== PROVIDED RECORDS ==

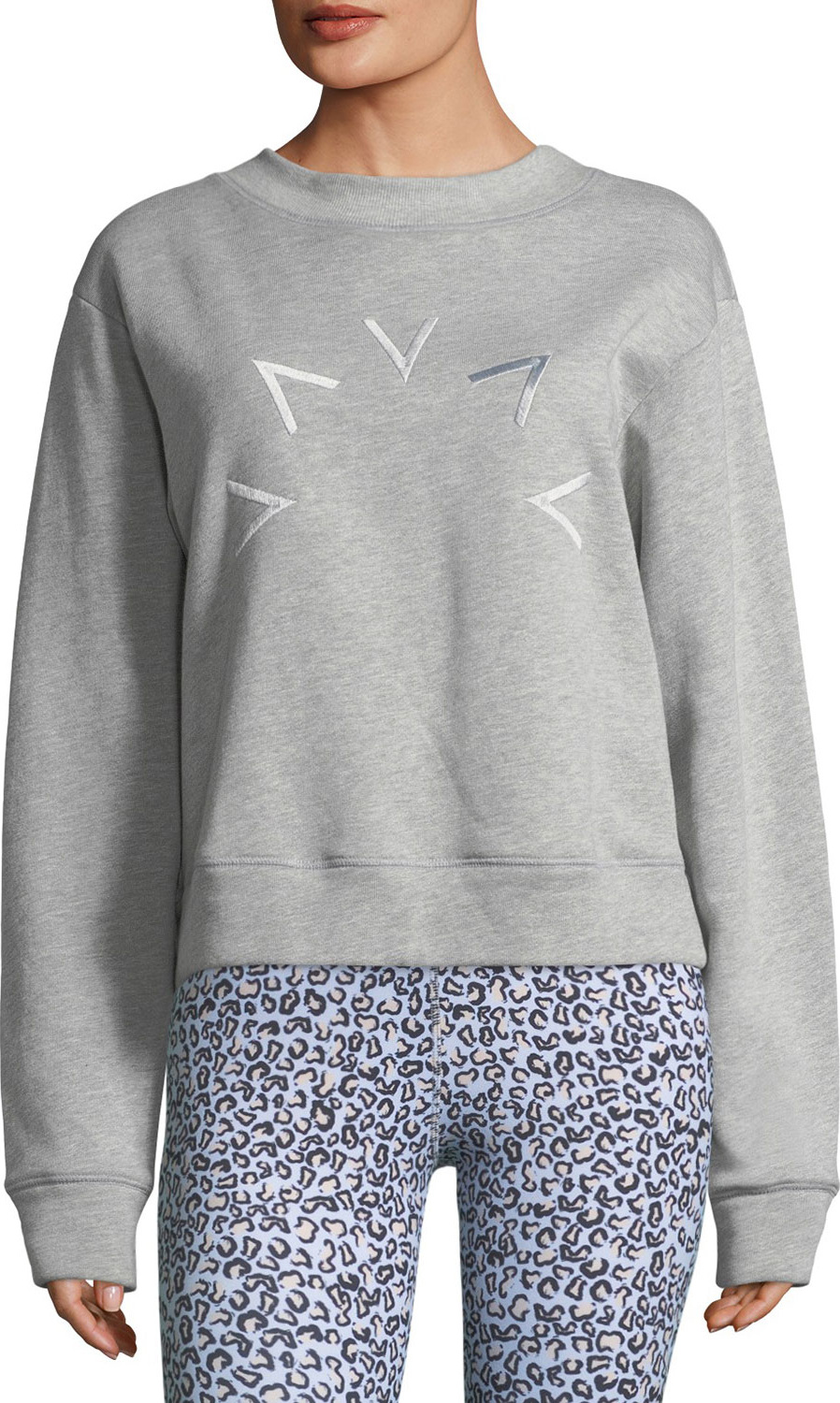 Varley Knoll Crewneck Logo Sweatshirt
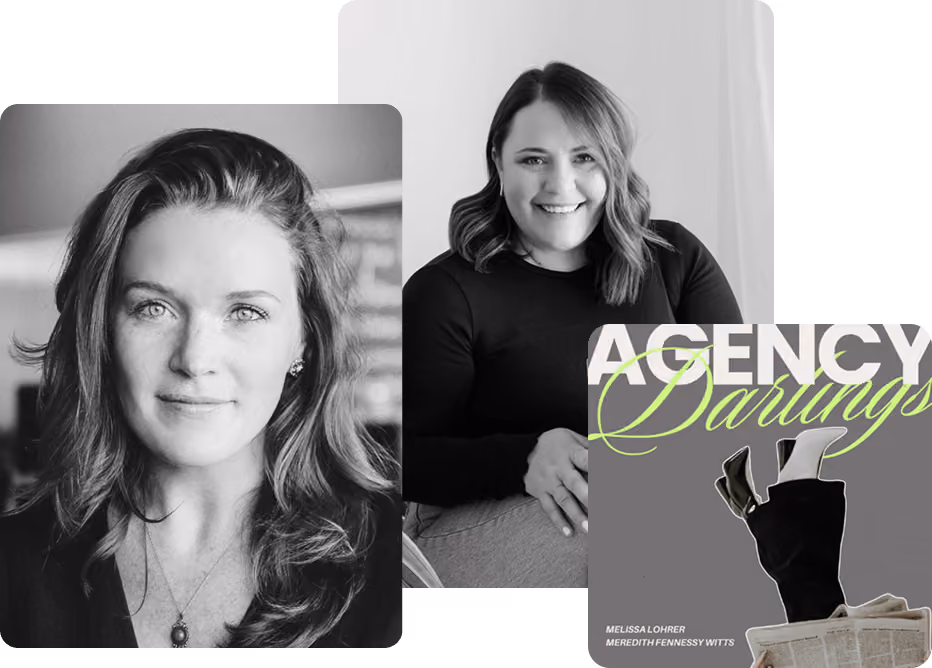 The Agency Darlings podcast hosts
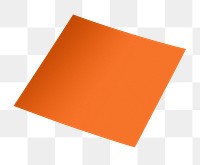 PNG orange sticky note, transparent background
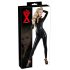 Overall din latex cu mâneci lungi - negru - 2XL
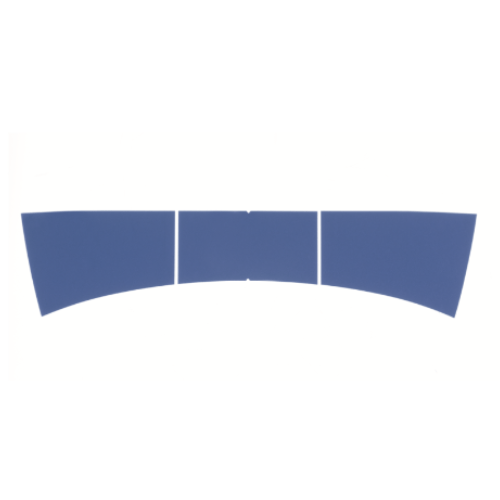 Dräger R79143 Dräger HPS 7000 reflective strips back H1, blue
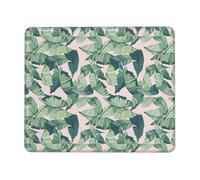 SDEGTHO green palm tree leaves pink Smooth Surface Lock Edge Mouse Pad Durable Rubber Base Desk Mat for Precise Cursor Control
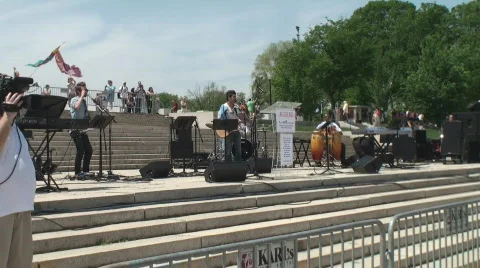 Dancing Ecstatic Christian Fundamentalists  Stock Footage 704536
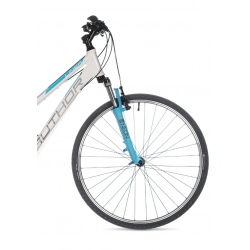 Rower crossowy AUTHOR Linea biały / niebieski 2025 + eBon 80 zł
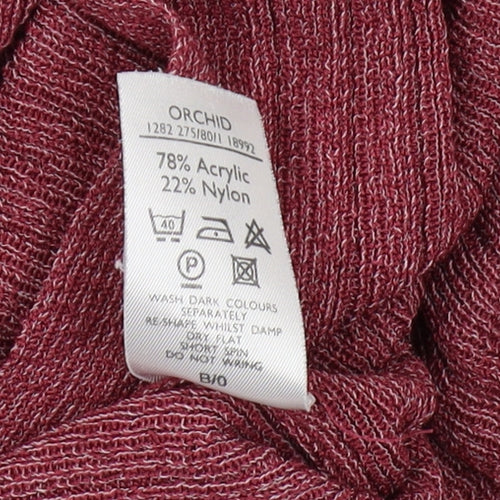 Bertekex Women's Red V-Neck Cardigan Size 14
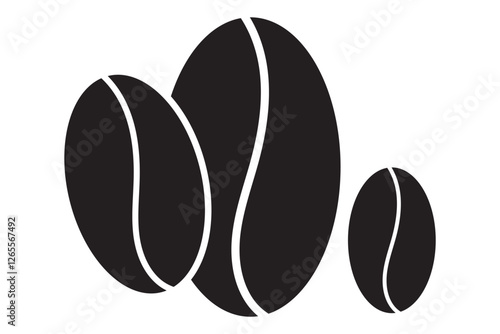 Coffee bean icon. Coffee seed sign set. Caffeine vector symbol isolated on white background. 1176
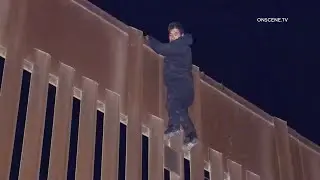 Man Rescued Trying To Hop Border Wall | US/Mexico Border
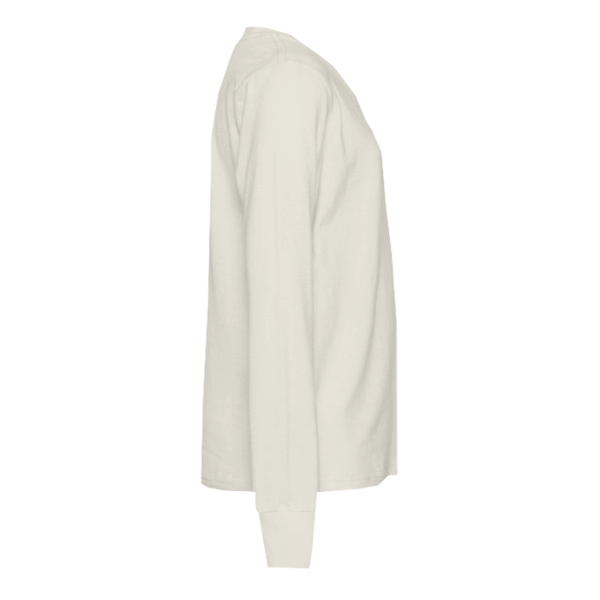 Bella + Canvas Youth Jersey Long Sleeve Tee, Natural, Right Sleeve view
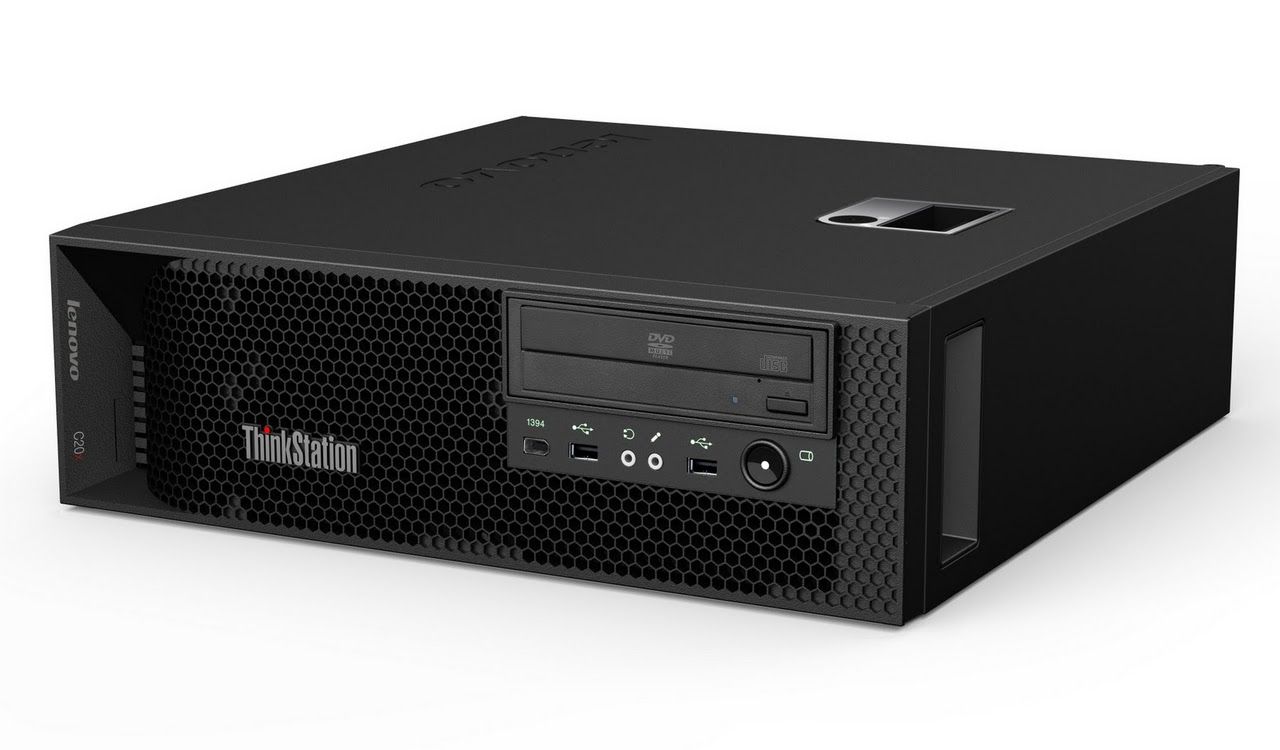 Lenovo ThinkStation C20 6 GB DDR3-SDRAM Windows 7 Professional Tower Workstation Black
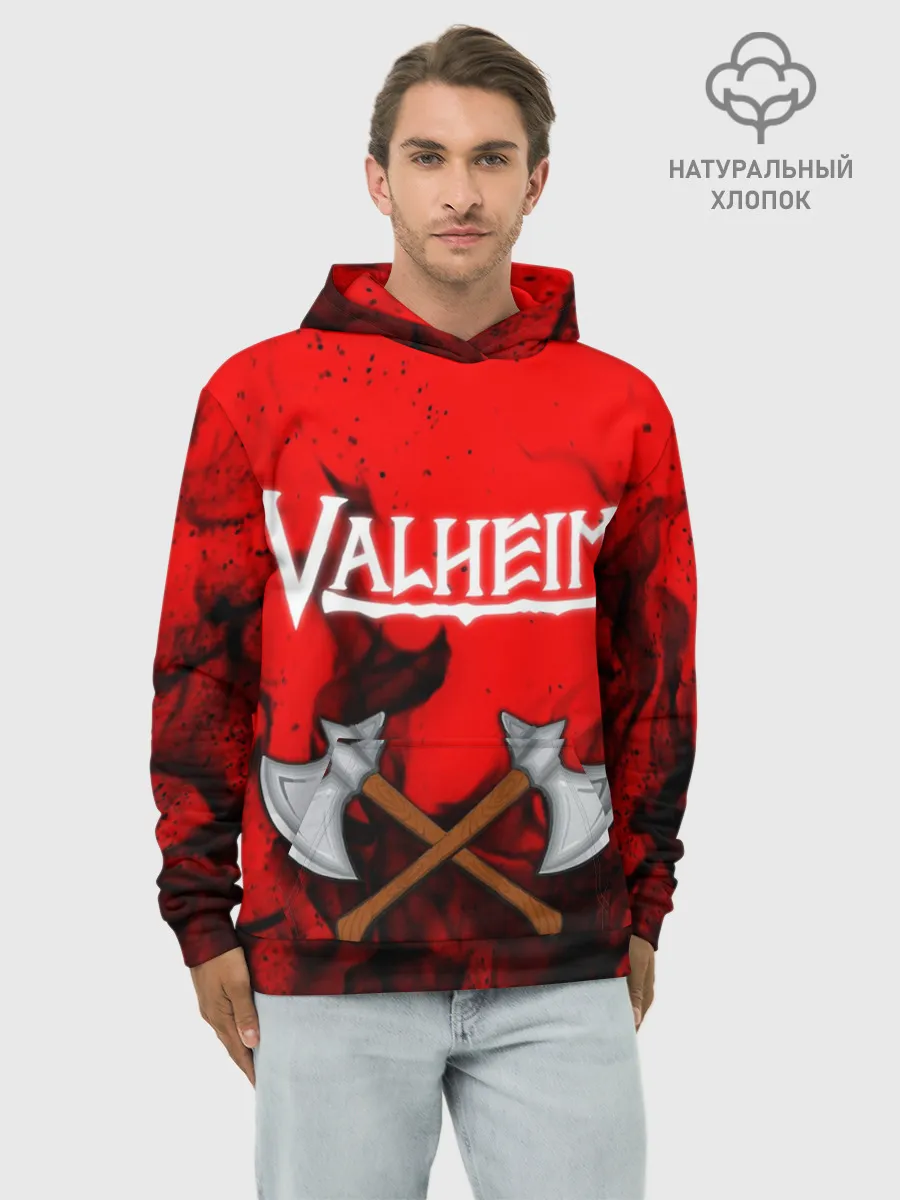 Худи мужской база хлопок / VALHEIM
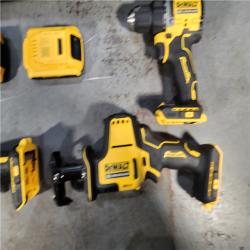 HOUSTON LOCATION - AS-IS (APPEARS LIKE NEW) DEWALT 3 TOOL COMBO KIT W/ (2) BATTERY & CHARGER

===

EXERCISE DIRECTIONS:
The result should hold only the lines from the line with "Lenovo ThinkStation C20" through the final line of the records above, copied exactly, with pictures left out.

REPLY:
 Lenovo ThinkStation C20 6 GB DDR3-SDRAM Windows 7 Professional Tower Workstation Black
 Худи мужской база хлопок / VALHEIM
 HOUSTON LOCATION - AS-IS (APPEARS LIKE NEW) DEWALT 3 TOOL COMBO KIT W/ (2) BATTERY & CHARGER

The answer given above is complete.